* Task item *
Where the entries below show "New 2026 Nissan Pathfinder Platinum image 20", begin there and print that line and all following lines exactly, through the last, omitting pictures.

* Dataset extract *
■ ■ ■

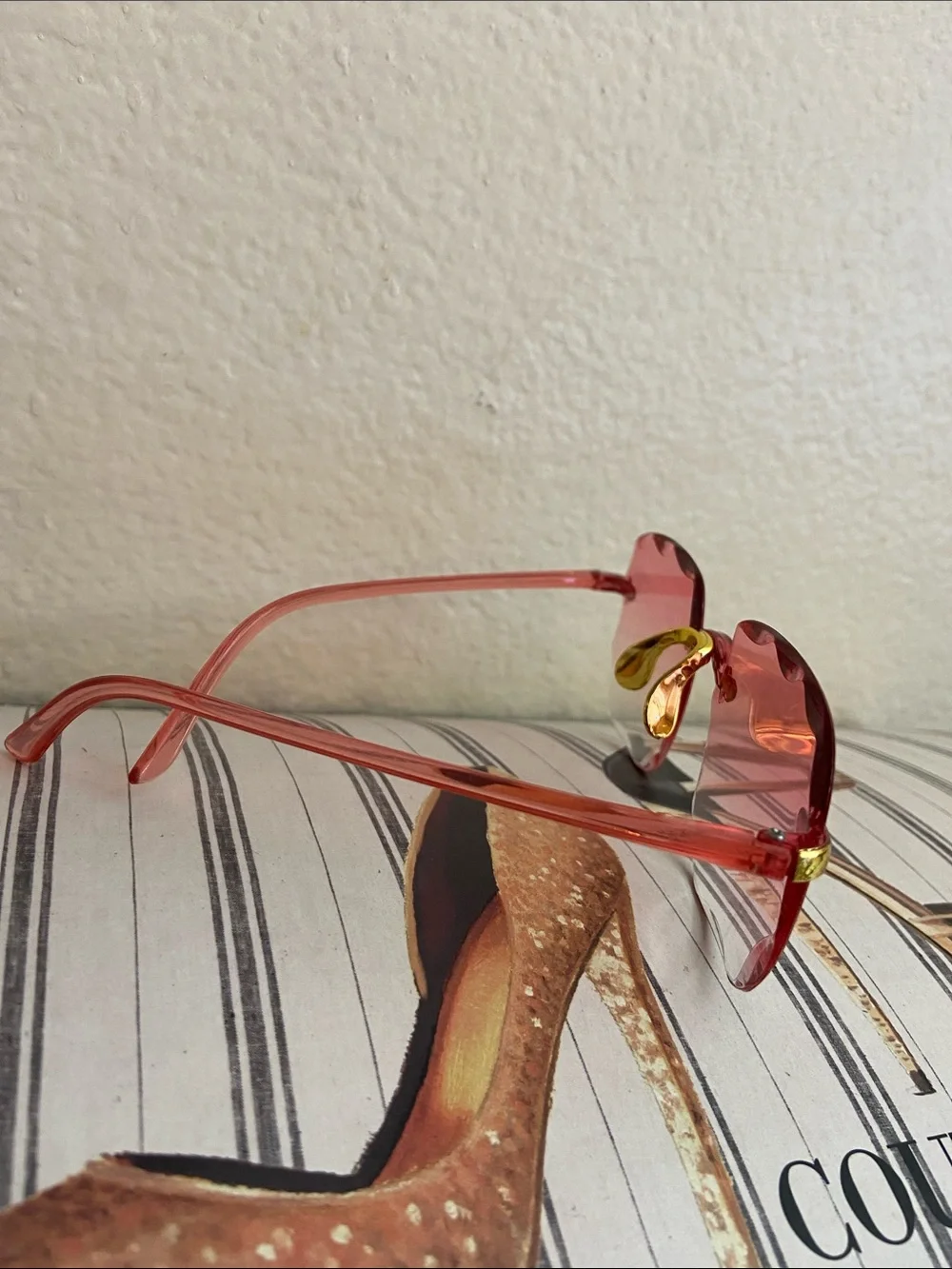 5/$10❤️❤️❤️NEW Pink Rimless Gradient Sunglasses with Gold Accents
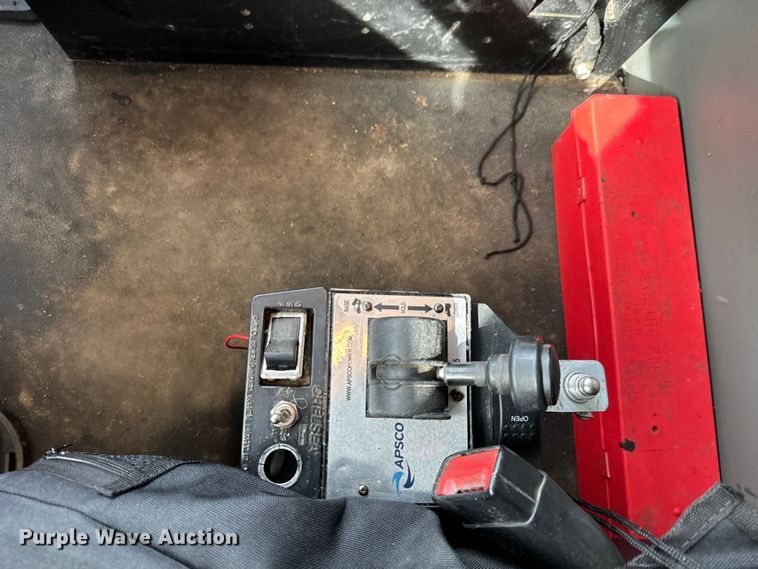 image for item NH9116 2018 Peterbilt 567 dump truck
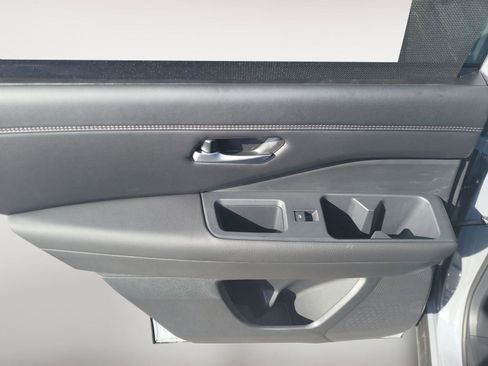 New 2026 Nissan Pathfinder Platinum image 20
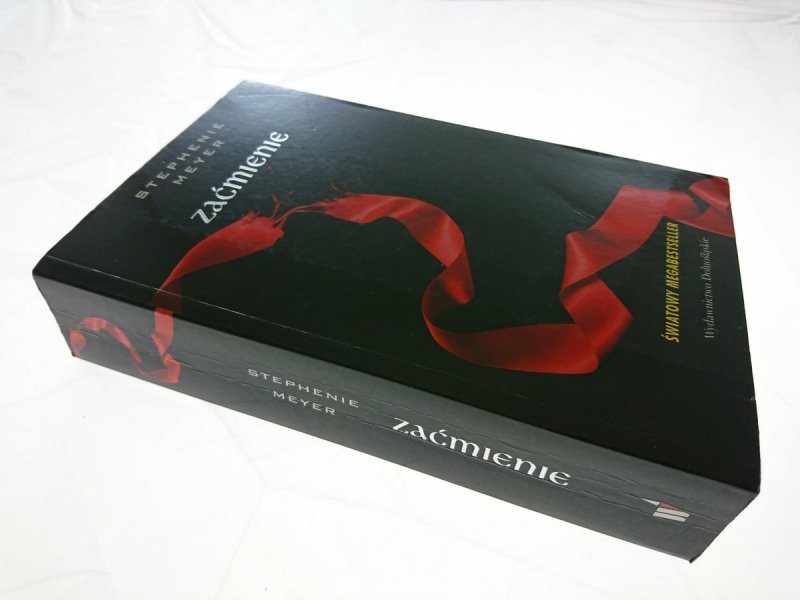 ZAĆMIENIE - Stephenie Meyer 2010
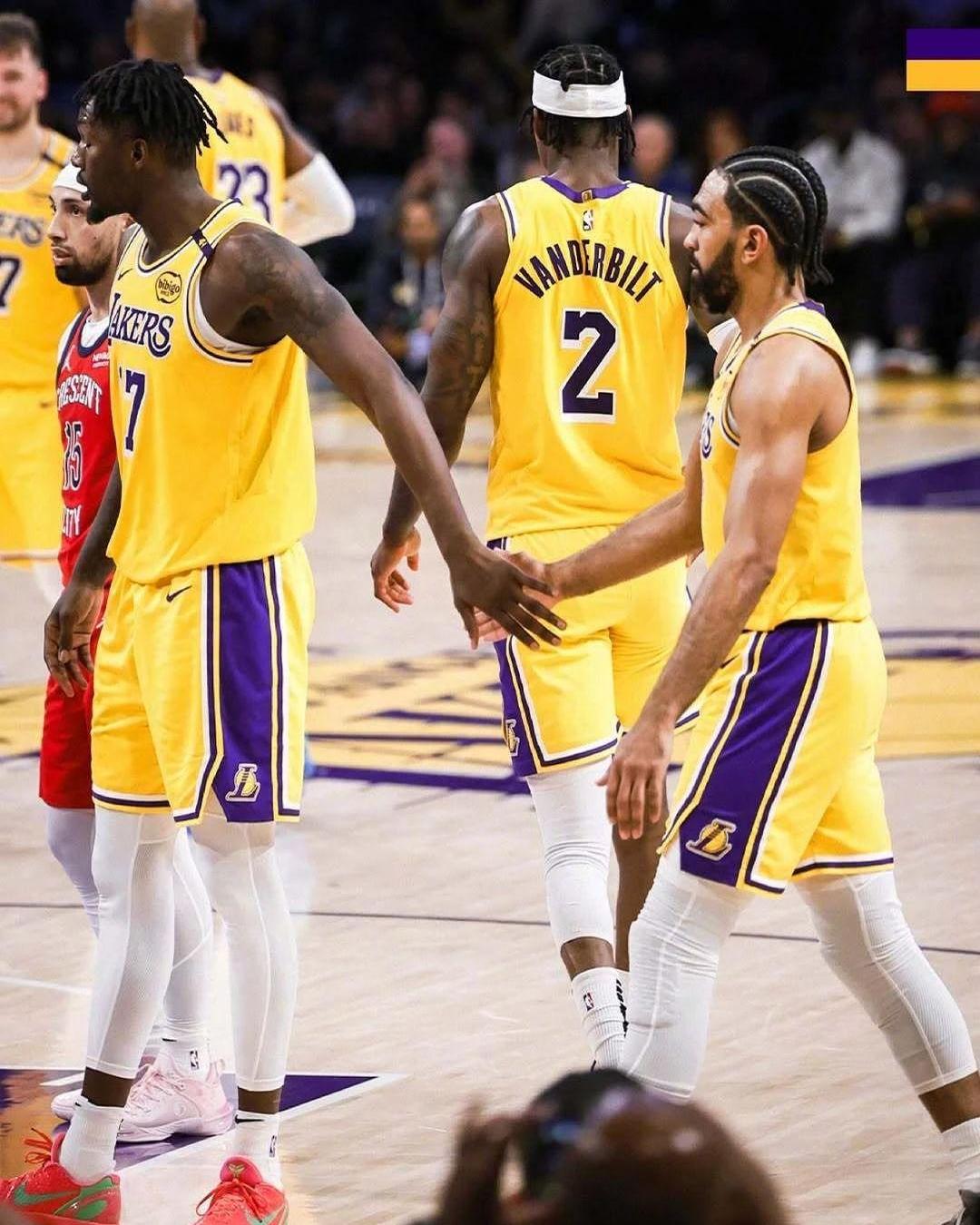 星空体育培训-詹姆斯带领湖人再次获得胜利(詹姆斯加盟湖人骑士得到了什么)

■ ■ ■

* Output *
 New 2026 Nissan Pathfinder Platinum image 20
 ZAĆMIENIE - Stephenie Meyer 2010
 星空体育培训-詹姆斯带领湖人再次获得胜利(詹姆斯加盟湖人骑士得到了什么)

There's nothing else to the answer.